16 JULY 1983, Page 19

Right of reply

Sir: Once again Mr Frank Allaun prosecutes the cause of his Right of Reply in the Media Bill (Letters, 18 June). Once again, his arguments are spurious.

Simply because 'Canada, West Germany, France, Denmark and most Western countries' have such a law is no reason at all why Britain should adopt a similar measure. Most of those countries, for example, also have military conscription, yet Mr Allaun does not advocate a return to National Service. Besides, in a crowd, how many will be wise men? The prohibitive cost of libel actions is another reason advanced by Mr Allaun for his Bill. But all litigation is expensive. It is not a reason to extend state intervention in free speech rights by enacting a special 'Right of Reply', though it is a reason to denationalise the legal system, cancel the lawyers' monopoly and subject the provision of justice to the disciplines of the free market. In fact, there are some who hold that defamation laws should be abolished altogether. A person's reputation consists solely of the thoughts of other men, and they question whether a person can have actionable rights in other men's thoughts.

In the past, Mr Allaun has claimed that his Bill 'aims to give ordinary men and women protection'. Yet the second clause of his Bill, which requires an especially fast twenty-four-hour reply to be given during the period of a general election, confers the most privileged 'rights' of all upon politicians, not the ordinary public.

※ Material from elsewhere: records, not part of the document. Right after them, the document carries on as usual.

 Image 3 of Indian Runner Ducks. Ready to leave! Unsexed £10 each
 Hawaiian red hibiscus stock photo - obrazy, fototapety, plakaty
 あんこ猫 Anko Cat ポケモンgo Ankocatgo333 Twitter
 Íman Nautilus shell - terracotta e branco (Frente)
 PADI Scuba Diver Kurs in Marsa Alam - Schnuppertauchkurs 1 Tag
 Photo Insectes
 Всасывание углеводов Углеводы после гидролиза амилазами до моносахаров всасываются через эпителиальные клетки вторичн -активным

At least one can be grateful to Mr Allaun for the candour of his last paragraph. His Bill is no panacea, he confesses; so long as the press is overwhelmingly opposed to Labour, the trade union and peace movements, the bias will remain. So the real purpose of the Bill is to advance the political movements which Mr Allaun lists; to give left-wing propagandists a statutory voice in free enterprise newspapers? Mr Mann should beware. Unlike Mr George Jerrom, of the NGA, who says that the right of reply should be denied to fascists, Mr Allaun's Bill makes no such distinctions. He would do well to inquire of the Press Council the names of their most persistent complainants.

If the Labour movement wants greater representation of its views in the media, why does it not launch its own newspaper? Even the estimated costs of £20 million are within the pockets of the trade unions. Perhaps it is because they realise that nobody would pay to read their views.